Using O’Connell’s ELISA data set introduced on the previous page, we prepare a data.frame for analysis.


Learning objectives for this section:


Set up the R environment

In each of the tutorials, we will set up the R environment (or workspace) needed to perform analyses (and control output formatting). If tutorials are run one after the other some commands may be redundant, but reloading packages and preferences will not create any problems.

# Load the needed packages (in case not already done)
# recent versions of Rstudio load knitr as needed
# require(knitr)

# Plot formatting
source("AMgraph.R")
## Loading required package: ggplot2
## Loading required package: ggthemes
## Loading required package: gridExtra
## Loading required package: grid
## Loading required package: plotrix
# Data set tools
require(reshape2)
## Loading required package: reshape2
require(plyr)
## Loading required package: plyr
require(dplyr) 
## Loading required package: dplyr
## 
## Attaching package: 'dplyr'
## 
## The following objects are masked from 'package:plyr':
## 
##     arrange, count, desc, failwith, id, mutate, rename, summarise,
##     summarize
## 
## The following object is masked from 'package:stats':
## 
##     filter
## 
## The following objects are masked from 'package:base':
## 
##     intersect, setdiff, setequal, union
require(grDevices)

# When working interactively (i.e. not calling this file from another
# function e.g. 'Knit' button or render() in outside script), set working
# directory to the location of this file.

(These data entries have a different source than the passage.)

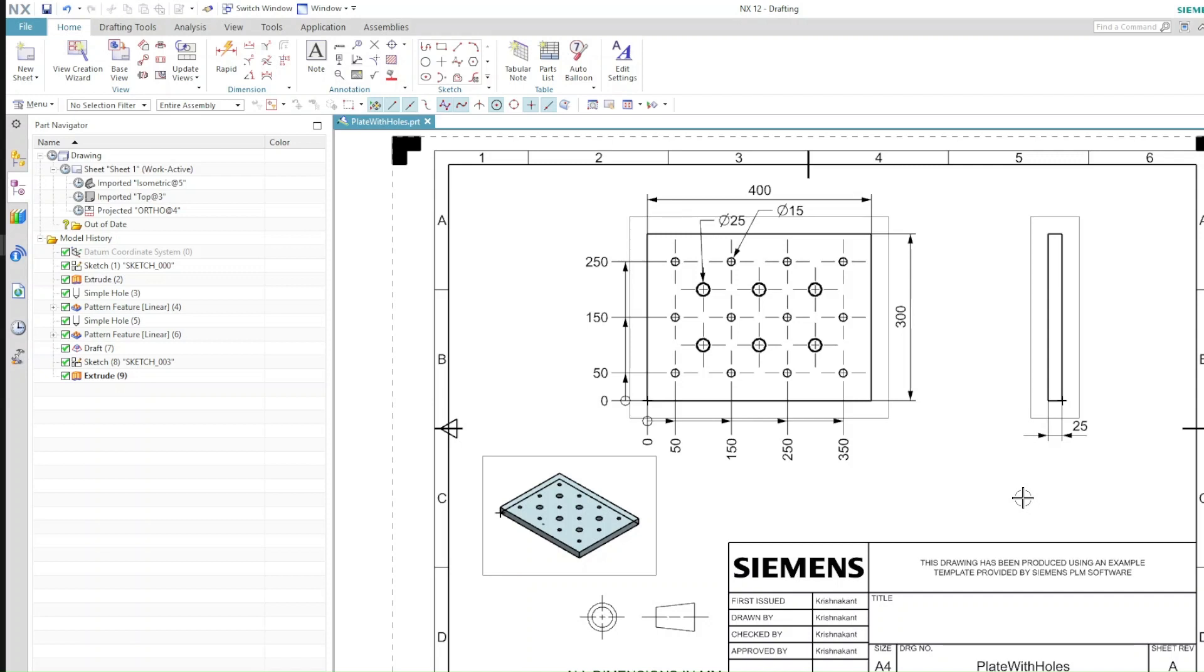When we are working with models or drawings, as designers we are not really looking at the files from a software point of view. But when we look at this as developers and try to create NX open programs, we have to think from the software point of view.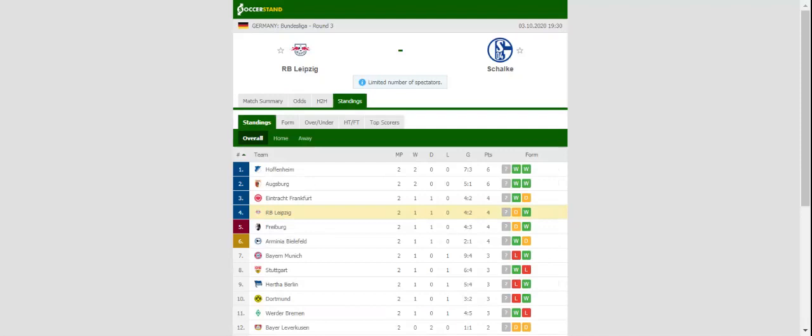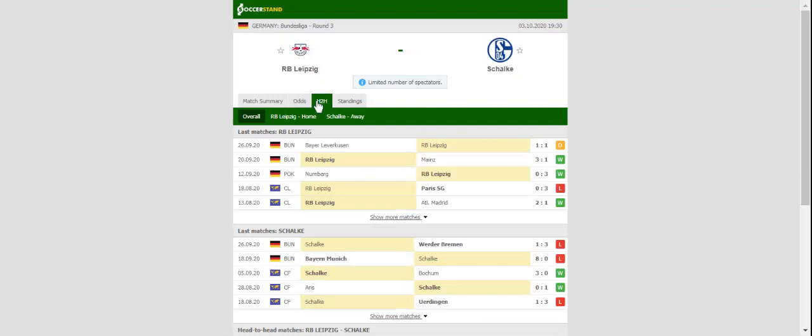After sharing the spoils with Bayer Leverkusen at BayArena, Leipzig will be looking to return to winning ways in the Bundesliga when they host Schalke at their Red Bull Arena. The Red Bulls continue life without Timo Werner, and seeing that first-choice center-forward Yusuf Poulsen suffered an injury at the weekend, summer signing Hee Chan-Hwang is widely expected to lead the line for the hosts.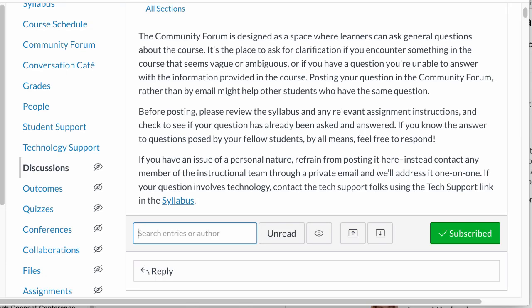So the question here is how do you prevent the community forum from being overwhelming? That's a great question because hopefully students have a lot of questions and they're using it to ask a lot of questions.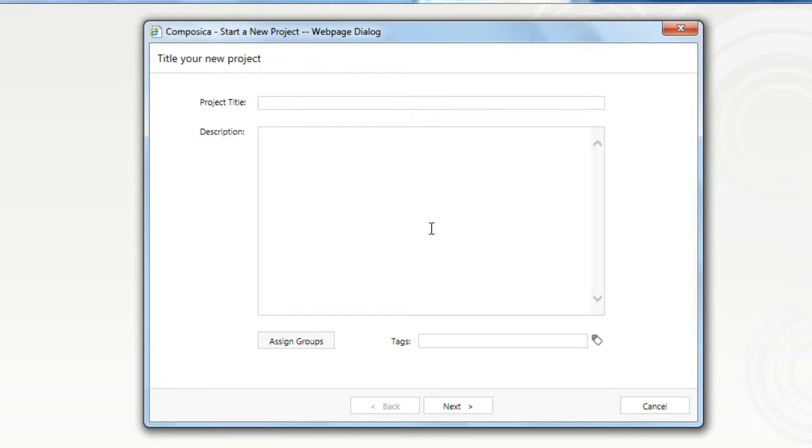Right now we're in the new project dialog, so let's start by giving this project a name. We'll call this one Leadership by Example.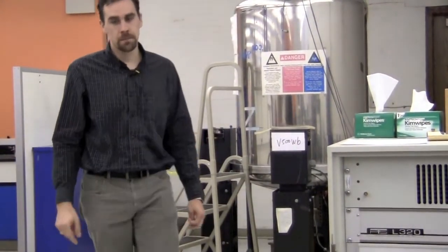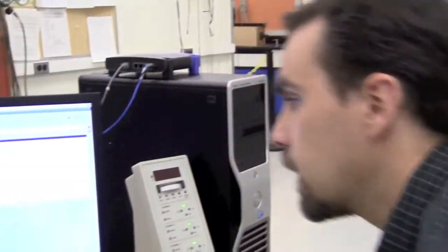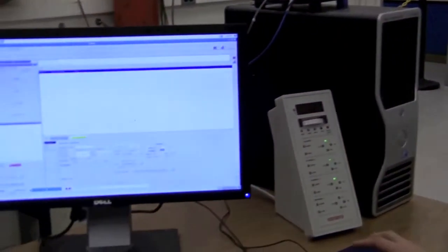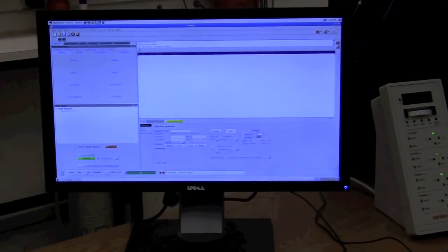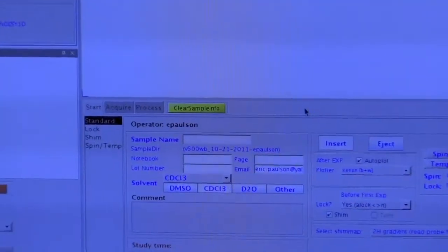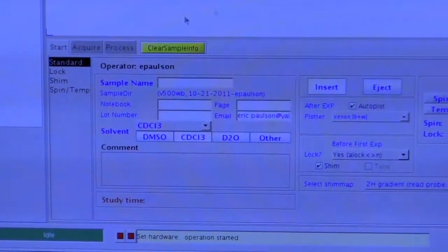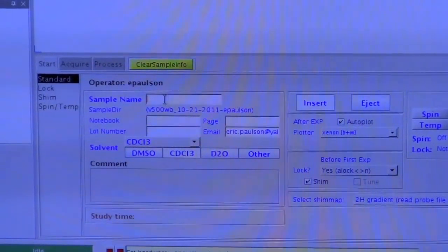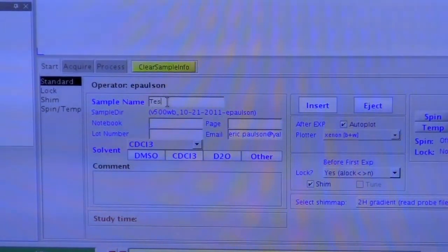And then you can come back to the instrument and hopefully by now the study queue has been created. So now we can click insert and our sample should go into the magnet. So the first thing we want to do here is put in a sample name. This is required. It needs to have a sample name for every sample.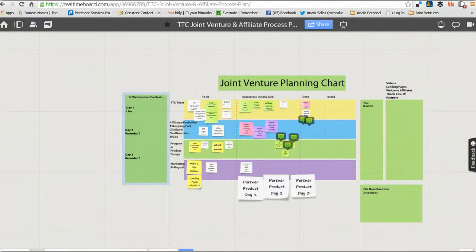Here's an example of a combination of brainstorming and project planning — this is a Real Time Board for my team and I. We're working on a joint venture planning chart, organizing all of our steps and our deadlines, and this is how we plan major projects for ourselves.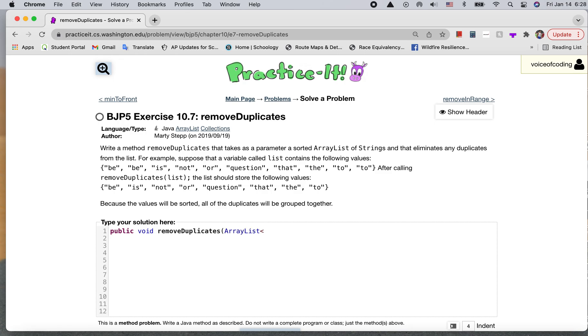ArrayList, so we're taking in the list as a string. You can name it anything. I'm just going to name it list.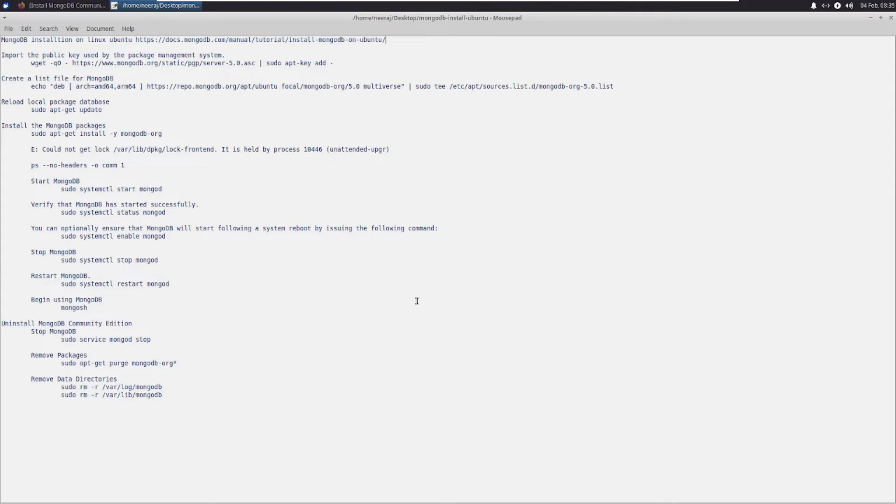First of all, thanks to MongoDB official documentation. I have followed those steps and I was pretty easily able to install MongoDB on Ubuntu. There was no difficulty at all.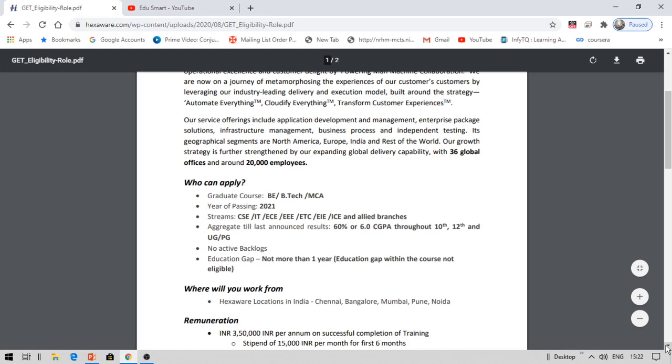You are required to have 60 percent or 6.0 GPA throughout your 10th, 12th and UG, and you should not have any backlogs when you are applying. You might have had earlier backlogs, but you should not have any while applying. So for example, if you had a backlog in your first semester that's okay, but when you are applying for this you should not have any backlog.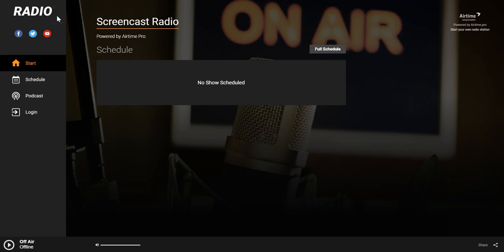Thanks for tuning in. This video is going to walk you through how to get your Airtime Pro Station online in five minutes or less.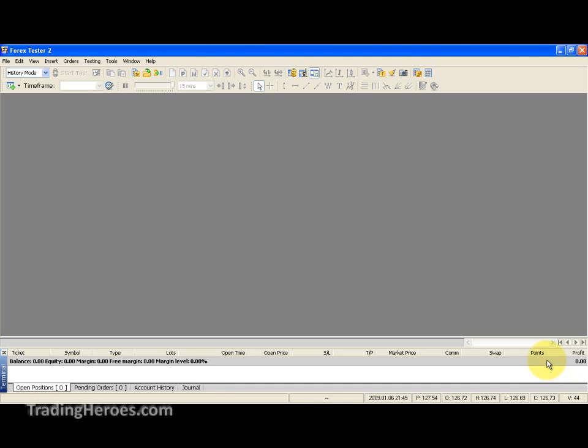Hello traders, this is Hugh. I got an email recently from Mohamed and he was asking how to change the leverage in Forex Tester 2. So I thought I'd do a quick video on how to do that.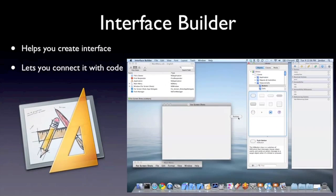Next is the Interface Builder. It helps you create the interface and lets you connect it back with the code. It's split up into different windows. At the top left it shows all the different objects of the program. The bottom left is the actual window and then the toolbar. On the right is the library where you can drag in a button or any of the different interface elements. And on the far right is where you can connect it up with the code.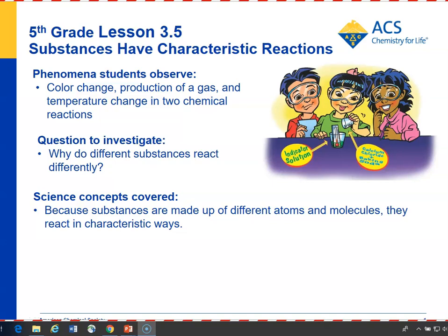In Lesson 3.5, students put calcium chloride and baking soda in an indicator solution, and then they put citric acid and baking soda in an indicator solution. They see two different reactions, and the question is: why do the substances react differently?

This way you will be working from
# the a common perspective---outside functions and paths will work either way.
# getwd()
# setwd("./source/R-new")

# Set options: output width, when scientific notation is used (see options help),
#              do not include statistical significance star indicators
options(width=90, scipen = 4, show.signif.stars = FALSE)

Data preparation

Data may be entered manually or imported from many different file formats (native Rdata, comma-separated, tab-delimited, etc).

Data sets can be stored as lists or rectangular tables (data.frames in R). Data.frames holding data that has some sort of repeating structure (groups, replicates) can be ‘long’ or ‘wide’. A long data.frame will have all the response data in one long column the calibrator concentration, group and replicate labels in other columns.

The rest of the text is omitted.